How Important is Brand Meaning
Have you ever played that game, “Telephone?” You know that game where you sit in a circle and the first person whispers something to the second, the second to third and so on until it is back around to the first person again. It starts out simple enough, whispering, “The dog wears red pajamas,” that eventually comes around as, “I jog and eat bananas.”
The funny thing is that so many companies today rely on this sort of idea to get their message and meaning out to the masses. Viral marketing, guerrilla tactics, meaningless advertising, and social networks have become the flavor of the day in an attempt to persuade and connect.
Don’t Make it Up
As if that isn’t bad enough, the worst part is that this all begins internally – that first person in the telephone game, so to speak. If you have ever been that first person in the game, there is a period of time where you actually have to think of something to whisper into the next person’s ear. Do you think about something witty or something that can easily be remembered? Or do you take the tactic of trying to throw people off and think of something difficult to remember or hard to say? Really, you never know what you are going to say until it is your turn, and only then do you make it up.
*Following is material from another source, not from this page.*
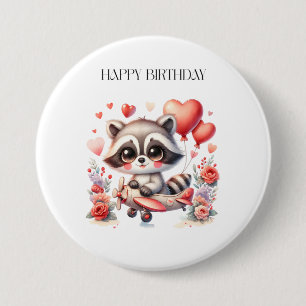 Flying Racoon Birthday 7.5 Cm Round Badge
This is exactly what is happening with a great many companies today. Employees are being tasked in their daily roles, duties, and responsibilities of “making something up.” They do it as they talk to customers, they do it as they talk to each other, and they do it as they create external communications. They are all making something up to whisper to the person next to them. They make it up because they have not been told what to say.
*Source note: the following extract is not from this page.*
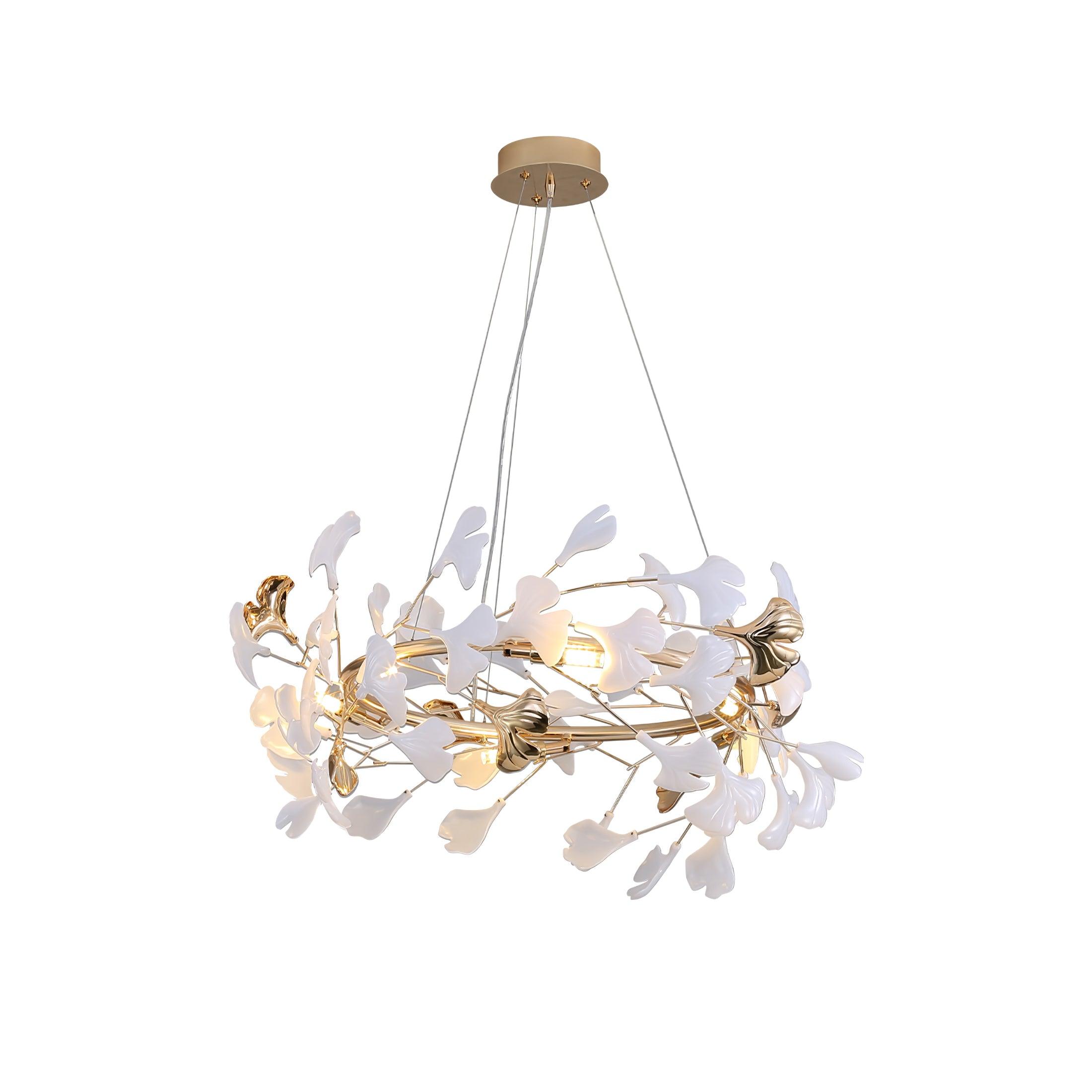 Elegant Ginkgo Leaf Chandelier - Modern Gold Ceiling Light Fixture for Dining Room, Living Room & Bedroom - Perfect for Home Decor & Wedding Venues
It is remarkable how many companies, even hugely successful ones, have not defined who they are in a way that employees can understand and convey. Like the game of “telephone,” many organizations tend to leave it up to the employee to make something up when it is their turn to tell someone about the company.
Talk is Cheap
Sure, most employees can talk about the company. They will often tell you that they have the best or easiest or most convenient or, even worse, some generic description of the category.
However, most of the stuff they would say could also be said by any number of their competitors. It is our experience that many employees will quickly admit, without probing, that there is not a lot of difference between what they do and what their competitors do. Most employees talk about what the company DOES not what it MEANS. And generally, there is little to no consistency from one person to the next.
Meaning is not some marketing-speak. Sure, it helps in marketing but its value runs a lot deeper than that. Creating and, more importantly, maintaining meaning should be central in everything each and every employee says and does.
It does not matter if you have a company of 50 or 5,000. Imagine if every person in the organization all said the same thing – instead of 5,000 meanings, your customers, current and potential, get one.
Brand meaning is a funny thing. We as humans strive for it. We look for it in everything we do, see, read, and hear. When meaning is not clear, we tend to make it up. So, in essence, consumers become the final person in that telephone game. There is no one standing in the middle of the circle with a sign that says, “The dog wears red pajamas.”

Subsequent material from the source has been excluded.